## [Exercise aim]
The output is the lines below from the one with "Gucci GG Shadow" through the one with "MARSİLYAN™- iPhone 14", both included, printed exactly and with no other line.

## [The input]
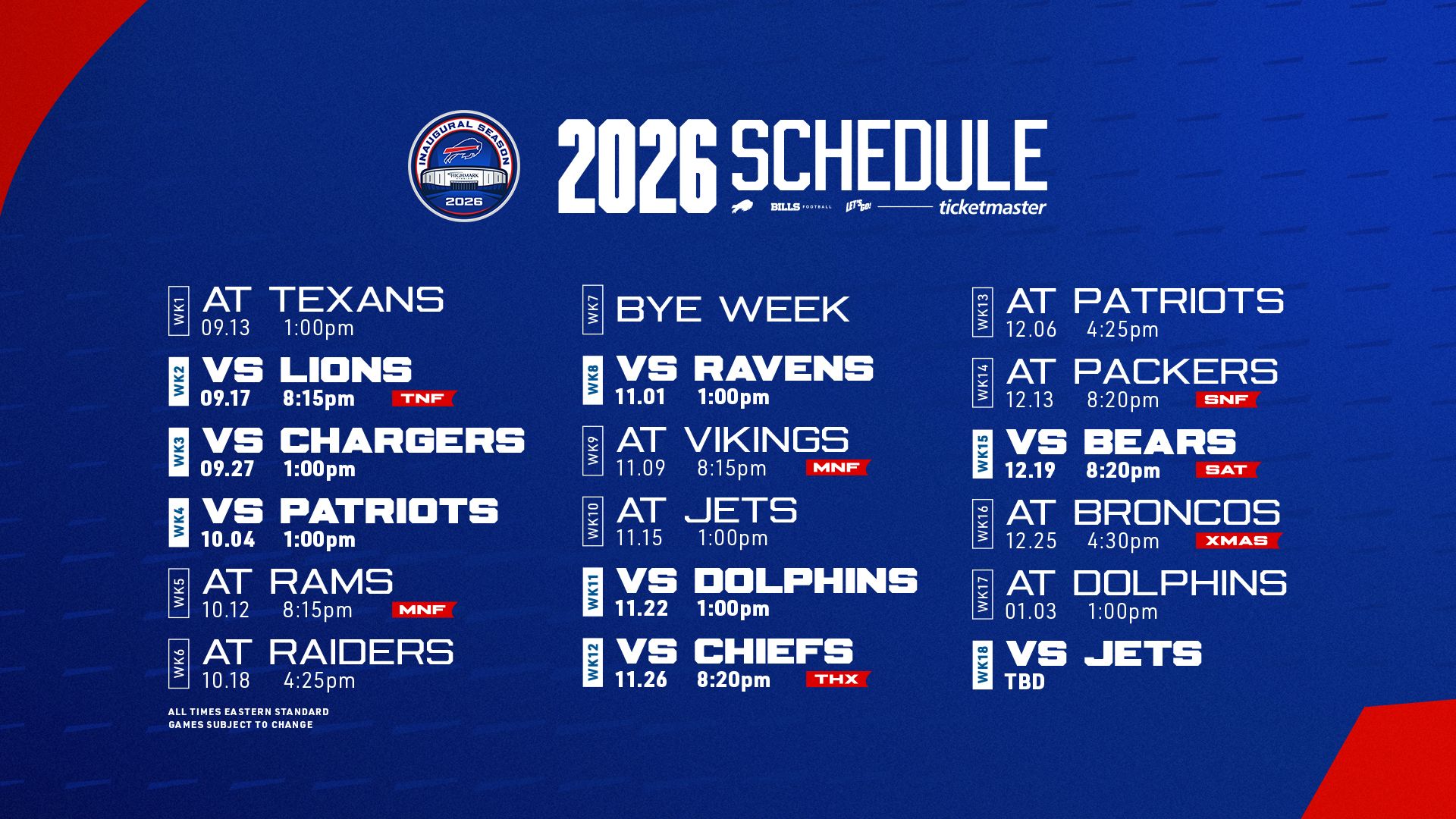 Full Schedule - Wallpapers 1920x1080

* * *

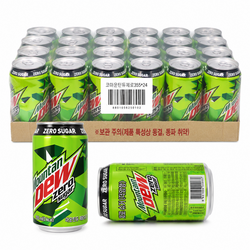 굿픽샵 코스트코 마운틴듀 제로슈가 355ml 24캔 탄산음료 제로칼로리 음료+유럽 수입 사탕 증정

---

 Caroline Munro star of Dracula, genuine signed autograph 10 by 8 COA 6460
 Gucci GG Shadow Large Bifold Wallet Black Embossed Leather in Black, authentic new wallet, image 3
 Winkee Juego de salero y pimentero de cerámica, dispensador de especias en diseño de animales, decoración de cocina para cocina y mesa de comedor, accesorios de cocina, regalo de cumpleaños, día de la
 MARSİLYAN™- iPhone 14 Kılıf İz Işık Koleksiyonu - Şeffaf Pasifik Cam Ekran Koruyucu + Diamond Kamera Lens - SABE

## [Your solution]
 Gucci GG Shadow Large Bifold Wallet Black Embossed Leather in Black, authentic new wallet, image 3
 Winkee Juego de salero y pimentero de cerámica, dispensador de especias en diseño de animales, decoración de cocina para cocina y mesa de comedor, accesorios de cocina, regalo de cumpleaños, día de la
 MARSİLYAN™- iPhone 14 Kılıf İz Işık Koleksiyonu - Şeffaf Pasifik Cam Ekran Koruyucu + Diamond Kamera Lens - SABE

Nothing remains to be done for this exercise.